======== STUDY MATERIAL ========
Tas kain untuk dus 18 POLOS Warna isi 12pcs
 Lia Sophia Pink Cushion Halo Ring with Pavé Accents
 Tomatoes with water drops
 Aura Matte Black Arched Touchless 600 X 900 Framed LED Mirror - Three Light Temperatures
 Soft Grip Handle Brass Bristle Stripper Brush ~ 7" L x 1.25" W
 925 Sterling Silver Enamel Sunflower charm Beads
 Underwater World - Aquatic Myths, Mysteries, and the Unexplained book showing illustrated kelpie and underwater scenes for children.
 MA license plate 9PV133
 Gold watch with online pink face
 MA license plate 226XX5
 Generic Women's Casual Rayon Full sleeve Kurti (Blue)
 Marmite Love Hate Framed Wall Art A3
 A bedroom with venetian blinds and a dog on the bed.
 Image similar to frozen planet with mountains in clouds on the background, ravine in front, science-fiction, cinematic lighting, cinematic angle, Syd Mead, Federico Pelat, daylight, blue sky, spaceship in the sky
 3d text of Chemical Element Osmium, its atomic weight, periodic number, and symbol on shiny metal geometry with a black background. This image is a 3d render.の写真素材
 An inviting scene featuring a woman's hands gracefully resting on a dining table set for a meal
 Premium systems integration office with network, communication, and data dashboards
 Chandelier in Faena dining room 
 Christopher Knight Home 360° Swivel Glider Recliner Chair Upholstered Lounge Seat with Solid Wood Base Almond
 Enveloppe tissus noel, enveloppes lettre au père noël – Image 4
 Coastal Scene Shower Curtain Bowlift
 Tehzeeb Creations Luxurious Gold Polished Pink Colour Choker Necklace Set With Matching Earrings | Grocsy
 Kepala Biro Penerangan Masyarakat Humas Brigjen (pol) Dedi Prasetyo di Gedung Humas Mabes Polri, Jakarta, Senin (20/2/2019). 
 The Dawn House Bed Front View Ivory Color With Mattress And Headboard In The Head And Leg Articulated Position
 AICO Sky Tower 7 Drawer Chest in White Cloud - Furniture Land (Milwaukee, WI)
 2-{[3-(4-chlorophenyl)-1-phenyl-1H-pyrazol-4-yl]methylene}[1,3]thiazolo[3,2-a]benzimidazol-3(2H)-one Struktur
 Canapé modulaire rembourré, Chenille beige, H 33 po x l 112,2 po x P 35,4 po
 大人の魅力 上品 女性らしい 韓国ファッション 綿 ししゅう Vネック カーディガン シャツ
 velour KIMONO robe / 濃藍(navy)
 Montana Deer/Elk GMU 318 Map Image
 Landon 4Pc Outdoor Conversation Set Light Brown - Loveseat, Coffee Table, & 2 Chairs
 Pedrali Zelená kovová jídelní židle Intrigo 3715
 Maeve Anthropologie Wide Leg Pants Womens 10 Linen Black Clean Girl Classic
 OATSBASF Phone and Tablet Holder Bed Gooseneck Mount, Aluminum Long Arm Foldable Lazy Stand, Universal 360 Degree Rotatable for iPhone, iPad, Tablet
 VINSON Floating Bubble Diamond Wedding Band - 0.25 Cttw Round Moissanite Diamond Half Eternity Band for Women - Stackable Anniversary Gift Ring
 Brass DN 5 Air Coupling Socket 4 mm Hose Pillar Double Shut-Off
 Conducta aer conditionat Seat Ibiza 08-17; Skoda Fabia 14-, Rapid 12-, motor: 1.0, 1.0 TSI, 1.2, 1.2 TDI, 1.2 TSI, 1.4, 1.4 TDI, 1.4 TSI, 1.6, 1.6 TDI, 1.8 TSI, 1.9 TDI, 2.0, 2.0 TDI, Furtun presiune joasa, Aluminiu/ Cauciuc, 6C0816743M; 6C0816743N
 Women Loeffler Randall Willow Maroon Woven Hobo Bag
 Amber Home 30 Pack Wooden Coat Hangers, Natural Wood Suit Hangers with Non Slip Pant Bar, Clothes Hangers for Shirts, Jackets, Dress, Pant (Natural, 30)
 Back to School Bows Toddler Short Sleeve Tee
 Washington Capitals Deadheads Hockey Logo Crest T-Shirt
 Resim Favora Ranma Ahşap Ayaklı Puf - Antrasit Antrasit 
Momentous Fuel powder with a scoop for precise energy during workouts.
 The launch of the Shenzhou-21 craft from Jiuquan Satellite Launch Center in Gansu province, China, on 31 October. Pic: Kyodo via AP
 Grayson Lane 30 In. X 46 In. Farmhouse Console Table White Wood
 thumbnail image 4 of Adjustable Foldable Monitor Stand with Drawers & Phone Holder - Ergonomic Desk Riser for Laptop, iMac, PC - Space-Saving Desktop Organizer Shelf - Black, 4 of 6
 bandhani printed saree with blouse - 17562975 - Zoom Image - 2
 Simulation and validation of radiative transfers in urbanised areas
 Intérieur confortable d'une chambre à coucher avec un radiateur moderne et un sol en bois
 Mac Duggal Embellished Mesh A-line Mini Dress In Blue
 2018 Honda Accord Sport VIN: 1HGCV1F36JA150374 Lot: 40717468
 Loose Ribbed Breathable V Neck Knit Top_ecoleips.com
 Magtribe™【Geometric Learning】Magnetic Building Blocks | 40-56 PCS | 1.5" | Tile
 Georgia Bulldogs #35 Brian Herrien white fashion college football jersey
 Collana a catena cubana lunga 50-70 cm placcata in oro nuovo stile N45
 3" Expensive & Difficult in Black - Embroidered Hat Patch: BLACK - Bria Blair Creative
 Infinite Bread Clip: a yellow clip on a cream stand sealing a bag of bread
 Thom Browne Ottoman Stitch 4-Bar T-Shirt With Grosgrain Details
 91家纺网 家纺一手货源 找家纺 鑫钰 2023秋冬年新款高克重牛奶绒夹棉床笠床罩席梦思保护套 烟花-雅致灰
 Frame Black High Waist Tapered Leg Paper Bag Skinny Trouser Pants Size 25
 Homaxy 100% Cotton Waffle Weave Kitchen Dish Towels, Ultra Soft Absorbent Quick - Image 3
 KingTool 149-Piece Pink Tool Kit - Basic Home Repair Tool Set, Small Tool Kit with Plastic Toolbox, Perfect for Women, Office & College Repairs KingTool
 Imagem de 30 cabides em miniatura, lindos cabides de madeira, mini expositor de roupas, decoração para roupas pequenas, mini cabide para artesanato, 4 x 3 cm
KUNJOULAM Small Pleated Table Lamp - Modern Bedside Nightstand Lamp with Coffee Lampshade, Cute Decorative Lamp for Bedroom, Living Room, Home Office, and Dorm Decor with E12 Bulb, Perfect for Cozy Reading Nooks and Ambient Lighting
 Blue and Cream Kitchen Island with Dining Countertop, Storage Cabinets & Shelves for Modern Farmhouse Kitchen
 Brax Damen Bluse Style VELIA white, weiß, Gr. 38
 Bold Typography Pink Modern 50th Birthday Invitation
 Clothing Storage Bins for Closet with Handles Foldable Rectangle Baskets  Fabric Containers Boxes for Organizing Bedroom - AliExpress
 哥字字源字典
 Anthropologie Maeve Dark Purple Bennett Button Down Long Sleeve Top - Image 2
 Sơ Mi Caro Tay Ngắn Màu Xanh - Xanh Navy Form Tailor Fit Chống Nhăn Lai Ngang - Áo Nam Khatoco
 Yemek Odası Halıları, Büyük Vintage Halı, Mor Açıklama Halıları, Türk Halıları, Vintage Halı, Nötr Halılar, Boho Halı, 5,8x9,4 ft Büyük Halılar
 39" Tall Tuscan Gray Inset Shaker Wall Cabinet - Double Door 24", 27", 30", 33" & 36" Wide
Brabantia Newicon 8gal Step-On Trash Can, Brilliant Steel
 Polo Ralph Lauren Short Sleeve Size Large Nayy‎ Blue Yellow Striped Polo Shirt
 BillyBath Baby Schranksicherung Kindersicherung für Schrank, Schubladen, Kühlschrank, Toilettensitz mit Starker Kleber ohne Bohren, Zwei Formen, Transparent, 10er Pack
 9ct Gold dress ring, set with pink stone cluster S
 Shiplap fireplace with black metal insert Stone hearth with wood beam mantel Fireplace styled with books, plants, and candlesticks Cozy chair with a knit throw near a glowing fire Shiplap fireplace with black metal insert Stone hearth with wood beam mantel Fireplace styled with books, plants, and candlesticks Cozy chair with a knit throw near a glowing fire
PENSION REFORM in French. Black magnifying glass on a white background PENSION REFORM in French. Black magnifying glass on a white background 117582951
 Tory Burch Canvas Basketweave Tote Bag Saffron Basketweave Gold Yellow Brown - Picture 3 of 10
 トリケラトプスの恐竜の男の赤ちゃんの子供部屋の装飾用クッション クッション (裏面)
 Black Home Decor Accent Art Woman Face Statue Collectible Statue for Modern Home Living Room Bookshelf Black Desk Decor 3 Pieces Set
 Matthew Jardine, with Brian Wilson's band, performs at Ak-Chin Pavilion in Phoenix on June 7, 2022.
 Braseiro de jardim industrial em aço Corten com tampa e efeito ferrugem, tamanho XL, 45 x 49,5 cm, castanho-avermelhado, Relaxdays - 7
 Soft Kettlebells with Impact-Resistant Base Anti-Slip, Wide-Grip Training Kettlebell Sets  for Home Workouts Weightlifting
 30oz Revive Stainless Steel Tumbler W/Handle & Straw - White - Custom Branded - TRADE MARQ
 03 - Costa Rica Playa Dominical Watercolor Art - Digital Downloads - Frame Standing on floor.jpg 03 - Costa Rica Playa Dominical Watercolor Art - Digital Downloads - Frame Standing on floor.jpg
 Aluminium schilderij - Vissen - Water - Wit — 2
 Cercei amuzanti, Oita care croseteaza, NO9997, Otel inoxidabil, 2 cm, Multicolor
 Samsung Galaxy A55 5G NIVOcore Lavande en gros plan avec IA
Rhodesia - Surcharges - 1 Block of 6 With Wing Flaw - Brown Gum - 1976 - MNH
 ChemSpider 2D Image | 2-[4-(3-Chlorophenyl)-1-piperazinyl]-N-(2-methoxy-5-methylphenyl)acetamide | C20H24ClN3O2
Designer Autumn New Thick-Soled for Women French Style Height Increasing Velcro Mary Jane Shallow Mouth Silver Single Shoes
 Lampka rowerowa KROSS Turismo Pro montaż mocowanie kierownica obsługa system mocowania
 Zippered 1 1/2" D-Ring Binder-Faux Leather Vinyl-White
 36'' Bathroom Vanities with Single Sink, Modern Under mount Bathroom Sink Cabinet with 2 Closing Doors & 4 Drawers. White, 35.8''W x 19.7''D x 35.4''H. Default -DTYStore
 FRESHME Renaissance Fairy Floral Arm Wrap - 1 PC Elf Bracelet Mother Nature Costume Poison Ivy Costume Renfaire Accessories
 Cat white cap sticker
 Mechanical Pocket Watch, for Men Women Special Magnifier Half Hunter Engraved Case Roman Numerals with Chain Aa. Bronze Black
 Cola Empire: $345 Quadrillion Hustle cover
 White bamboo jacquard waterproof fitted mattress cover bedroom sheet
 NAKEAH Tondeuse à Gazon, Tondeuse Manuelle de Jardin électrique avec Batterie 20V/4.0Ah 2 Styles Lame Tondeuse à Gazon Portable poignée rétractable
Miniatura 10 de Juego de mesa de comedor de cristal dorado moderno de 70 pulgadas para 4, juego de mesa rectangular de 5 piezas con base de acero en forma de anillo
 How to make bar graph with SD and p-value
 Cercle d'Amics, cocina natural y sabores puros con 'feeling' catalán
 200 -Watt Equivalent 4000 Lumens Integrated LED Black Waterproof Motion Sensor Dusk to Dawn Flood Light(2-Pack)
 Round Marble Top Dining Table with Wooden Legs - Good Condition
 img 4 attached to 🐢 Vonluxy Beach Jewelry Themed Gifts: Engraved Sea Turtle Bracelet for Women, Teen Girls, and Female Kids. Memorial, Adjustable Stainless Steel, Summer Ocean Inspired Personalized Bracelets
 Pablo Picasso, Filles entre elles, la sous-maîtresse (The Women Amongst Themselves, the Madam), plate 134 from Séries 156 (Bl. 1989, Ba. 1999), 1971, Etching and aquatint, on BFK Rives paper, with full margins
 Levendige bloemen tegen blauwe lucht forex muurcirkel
========
YOUR GOAL >>
Within the material above, extract exactly the lines that start at the line containing "Mechanical Pocket Watch, for" and stop after the line containing "Round Marble Top", and only those.

RESPONSE TO THIS TASK >>
 Mechanical Pocket Watch, for Men Women Special Magnifier Half Hunter Engraved Case Roman Numerals with Chain Aa. Bronze Black
 Cola Empire: $345 Quadrillion Hustle cover
 White bamboo jacquard waterproof fitted mattress cover bedroom sheet
 NAKEAH Tondeuse à Gazon, Tondeuse Manuelle de Jardin électrique avec Batterie 20V/4.0Ah 2 Styles Lame Tondeuse à Gazon Portable poignée rétractable
Miniatura 10 de Juego de mesa de comedor de cristal dorado moderno de 70 pulgadas para 4, juego de mesa rectangular de 5 piezas con base de acero en forma de anillo
 How to make bar graph with SD and p-value
 Cercle d'Amics, cocina natural y sabores puros con 'feeling' catalán
 200 -Watt Equivalent 4000 Lumens Integrated LED Black Waterproof Motion Sensor Dusk to Dawn Flood Light(2-Pack)
 Round Marble Top Dining Table with Wooden Legs - Good Condition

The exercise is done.